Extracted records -
++++++++++
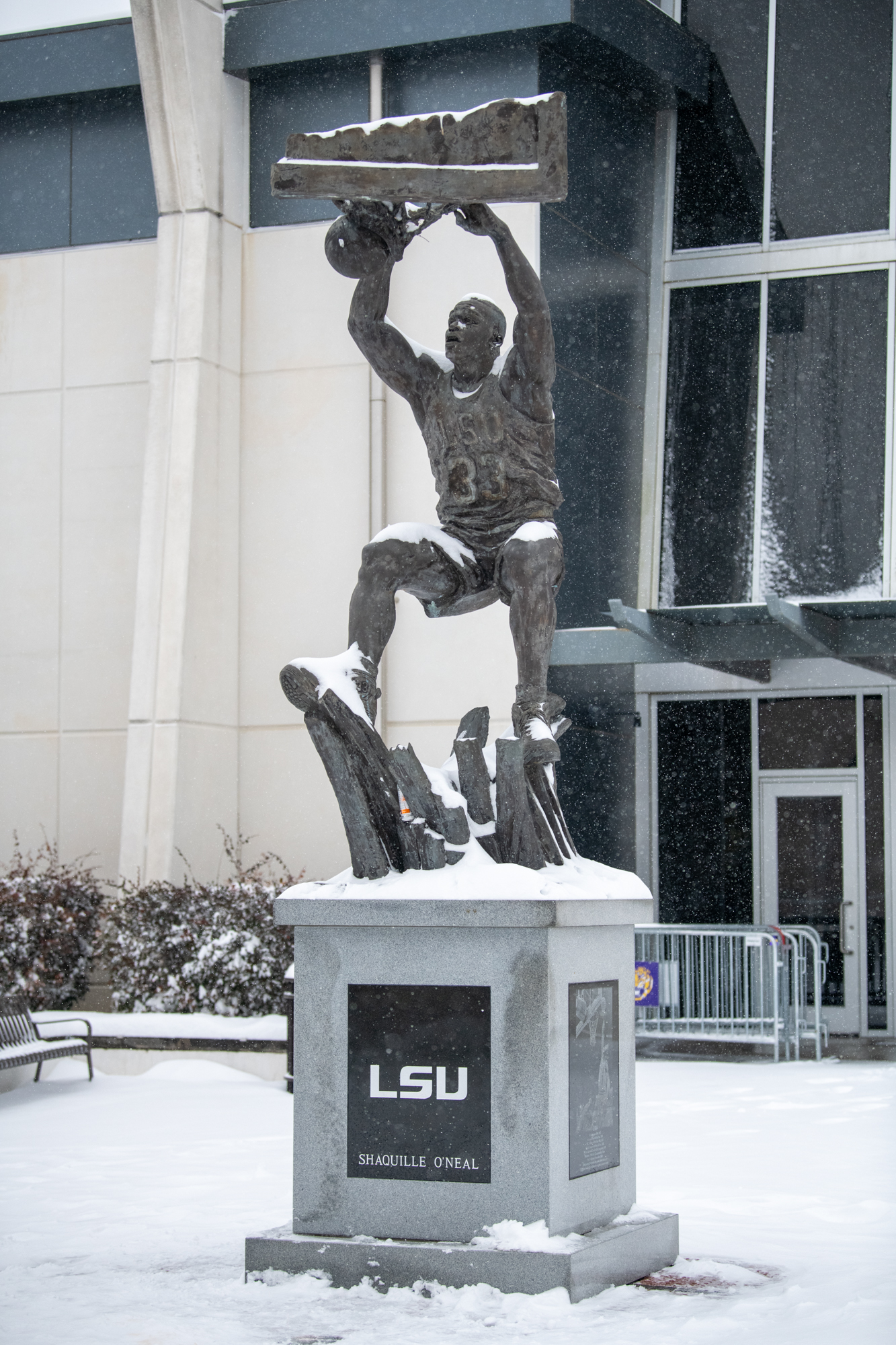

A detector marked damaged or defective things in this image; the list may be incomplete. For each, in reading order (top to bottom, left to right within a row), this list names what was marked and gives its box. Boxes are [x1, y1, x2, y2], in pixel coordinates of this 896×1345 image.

broken backboard shard [270, 92, 565, 203]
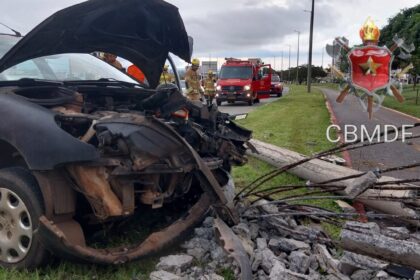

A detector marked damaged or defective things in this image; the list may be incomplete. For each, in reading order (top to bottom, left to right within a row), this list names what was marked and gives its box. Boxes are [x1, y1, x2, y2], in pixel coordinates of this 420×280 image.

crumpled hood [0, 0, 192, 88]
severely damaged car [0, 0, 251, 268]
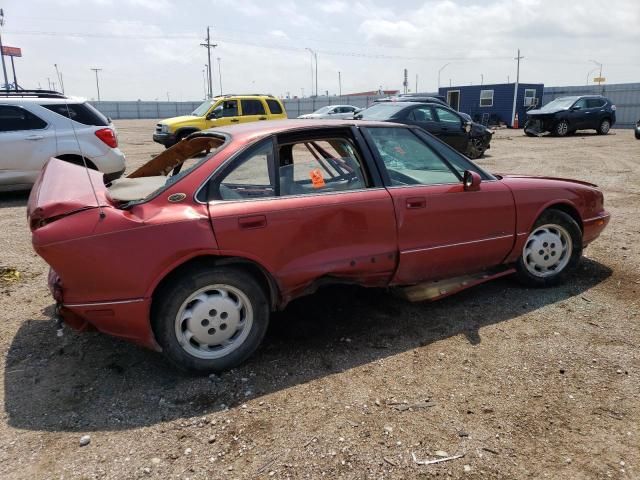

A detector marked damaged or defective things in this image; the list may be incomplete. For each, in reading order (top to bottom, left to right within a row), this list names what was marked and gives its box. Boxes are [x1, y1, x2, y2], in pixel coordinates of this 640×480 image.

damaged red sedan [28, 120, 608, 372]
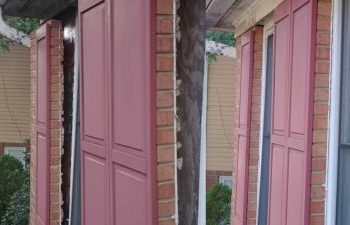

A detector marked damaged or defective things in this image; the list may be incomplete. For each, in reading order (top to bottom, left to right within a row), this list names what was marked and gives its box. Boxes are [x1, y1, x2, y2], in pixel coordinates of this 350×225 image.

damaged column surface [176, 0, 206, 224]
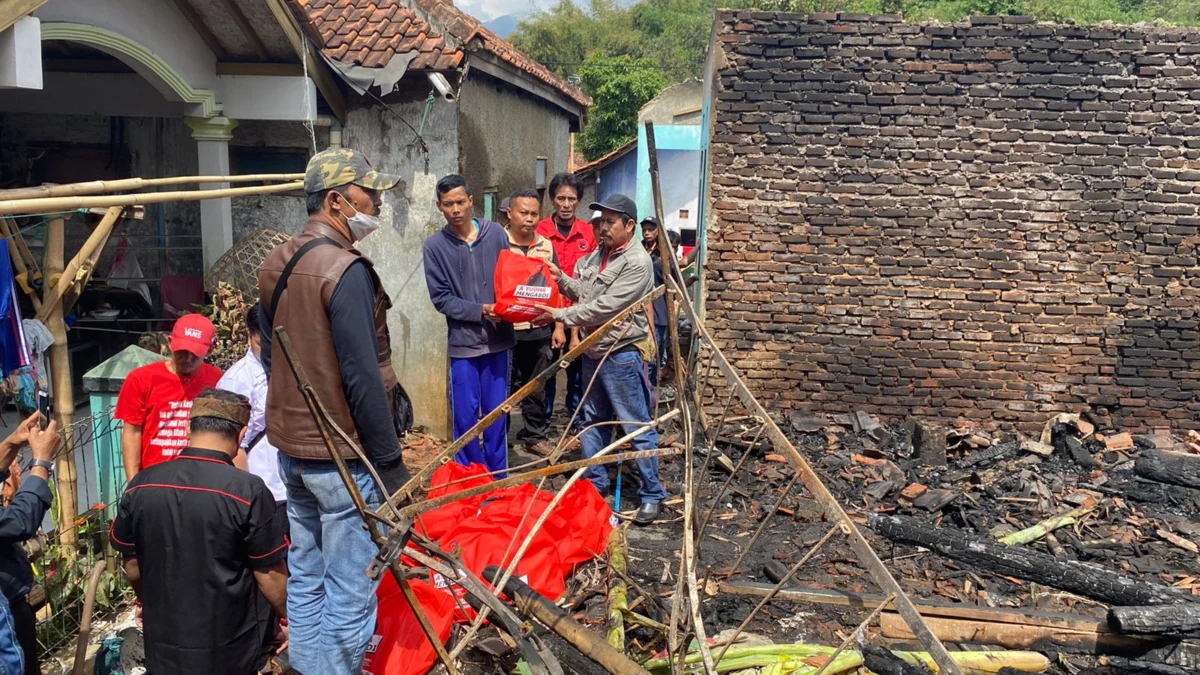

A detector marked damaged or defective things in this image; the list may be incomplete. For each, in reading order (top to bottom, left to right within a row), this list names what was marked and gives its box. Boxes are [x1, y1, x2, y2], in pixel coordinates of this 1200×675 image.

burnt brick wall [700, 11, 1200, 429]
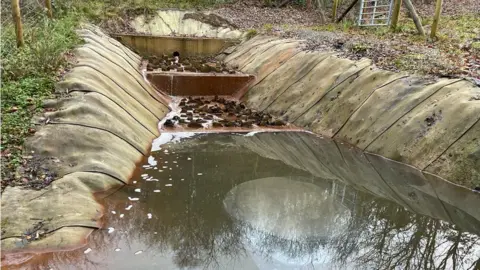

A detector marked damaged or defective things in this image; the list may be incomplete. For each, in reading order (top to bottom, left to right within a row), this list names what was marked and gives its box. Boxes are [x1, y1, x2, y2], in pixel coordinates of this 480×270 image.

rusted metal sheet [113, 34, 240, 57]
rusted metal sheet [148, 71, 256, 97]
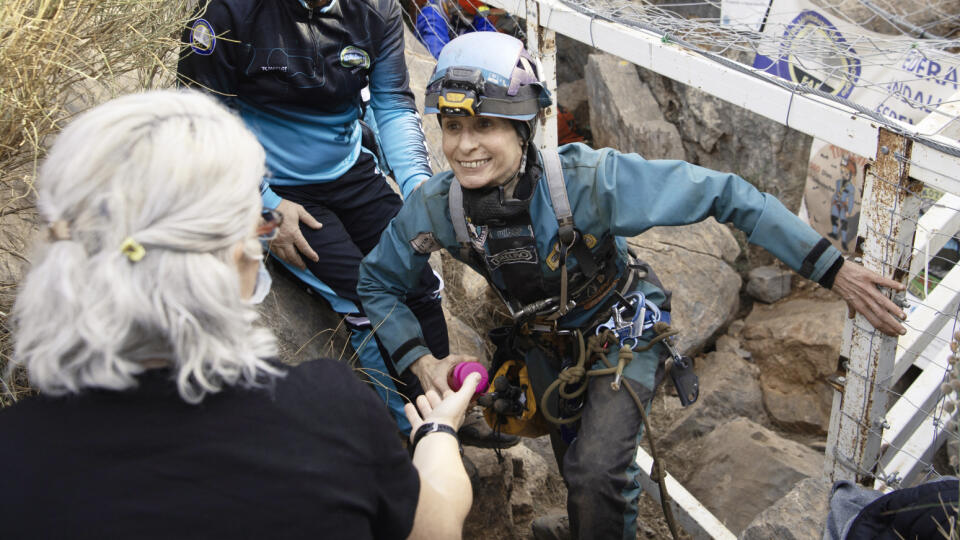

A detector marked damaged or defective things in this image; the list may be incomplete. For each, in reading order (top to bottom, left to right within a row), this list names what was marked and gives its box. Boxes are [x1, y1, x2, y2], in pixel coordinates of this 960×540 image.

rusted metal post [528, 0, 560, 150]
rusted metal post [824, 130, 924, 486]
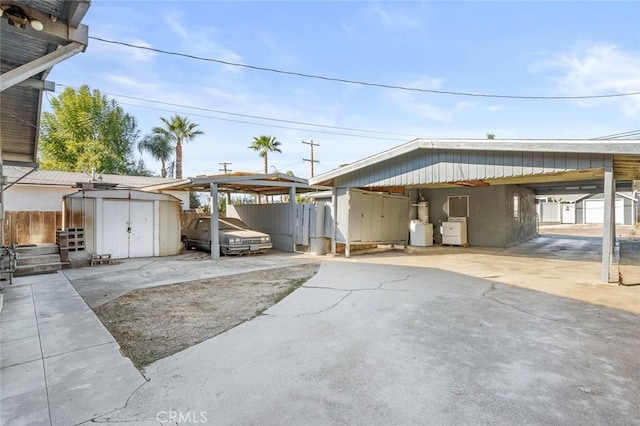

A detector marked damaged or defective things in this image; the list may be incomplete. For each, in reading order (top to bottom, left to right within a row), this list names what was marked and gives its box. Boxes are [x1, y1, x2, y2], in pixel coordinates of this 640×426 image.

crack in concrete [482, 284, 572, 324]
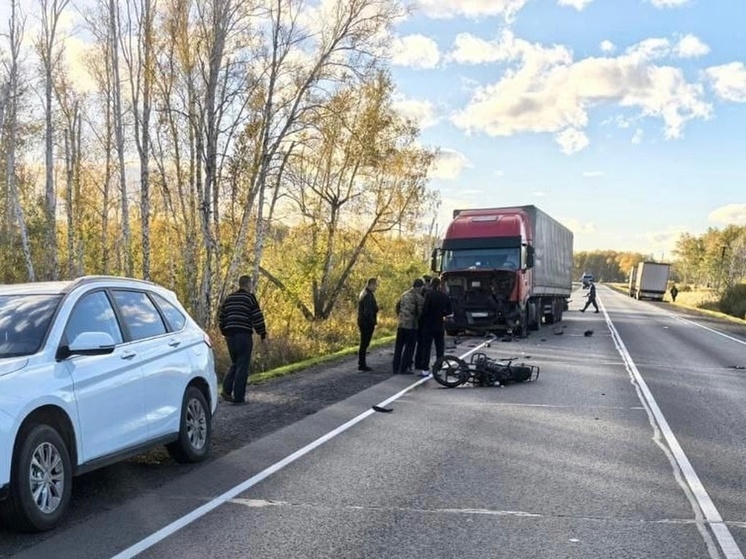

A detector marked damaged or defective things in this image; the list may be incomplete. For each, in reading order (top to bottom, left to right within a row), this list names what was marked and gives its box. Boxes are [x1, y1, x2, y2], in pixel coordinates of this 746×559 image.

damaged truck front [428, 206, 572, 336]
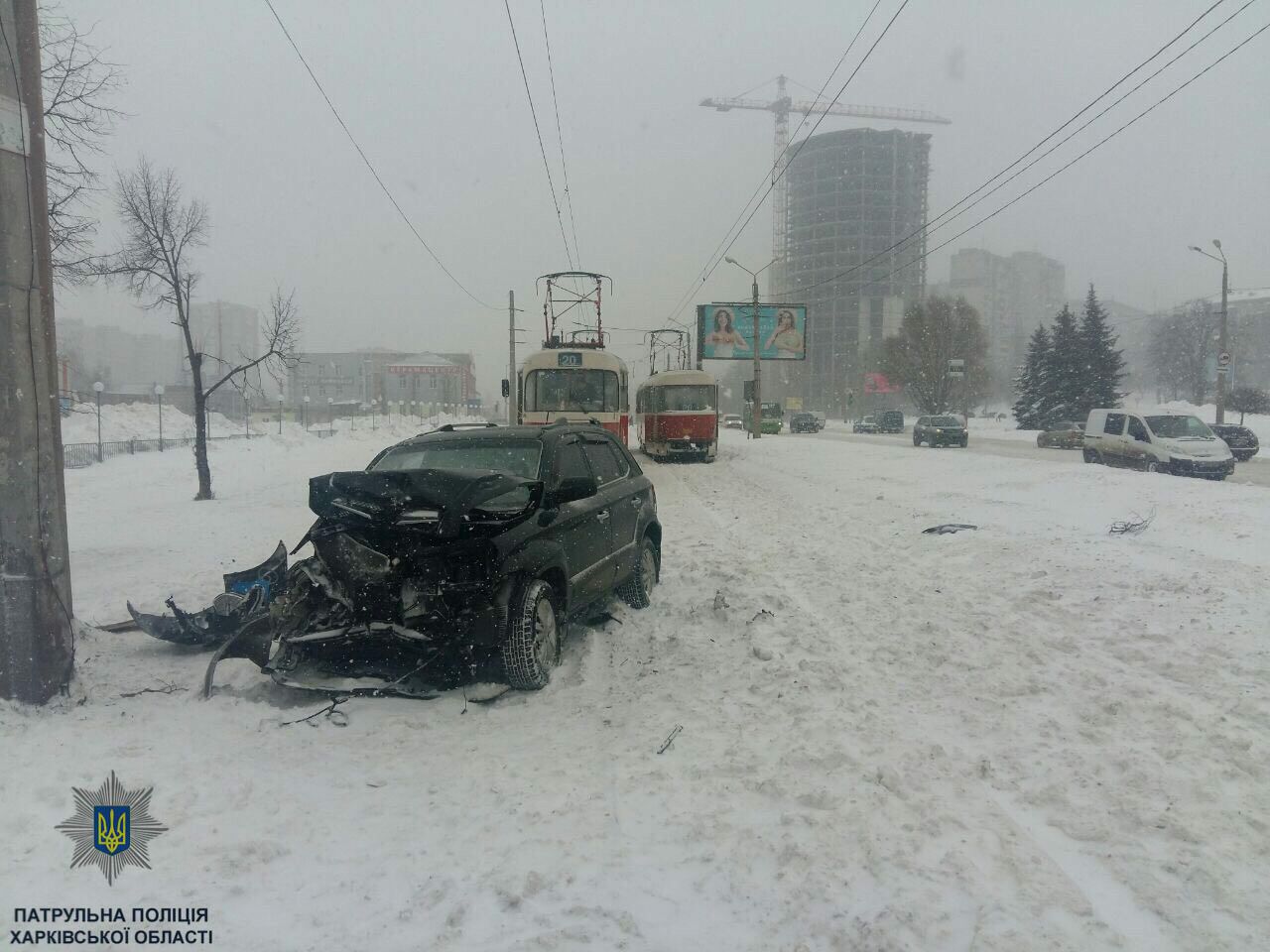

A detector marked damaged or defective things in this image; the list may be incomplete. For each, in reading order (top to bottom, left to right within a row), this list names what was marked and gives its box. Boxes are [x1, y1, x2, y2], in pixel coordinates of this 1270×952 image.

damaged dark suv [128, 423, 665, 700]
++++++++++
YOUR INSTRUCTIONS - Copy, character for character, the lines from the line that holds "this 1270×952 image." through the final line of the records above.

ANSWER SECTION -
A detector marked damaged or defective things in this image; the list may be incomplete. For each, in reading order (top to bottom, left to right within a row), this list names what was marked and gives its box. Boxes are [x1, y1, x2, y2], in pixel coordinates of this 1270×952 image.

damaged dark suv [128, 423, 665, 700]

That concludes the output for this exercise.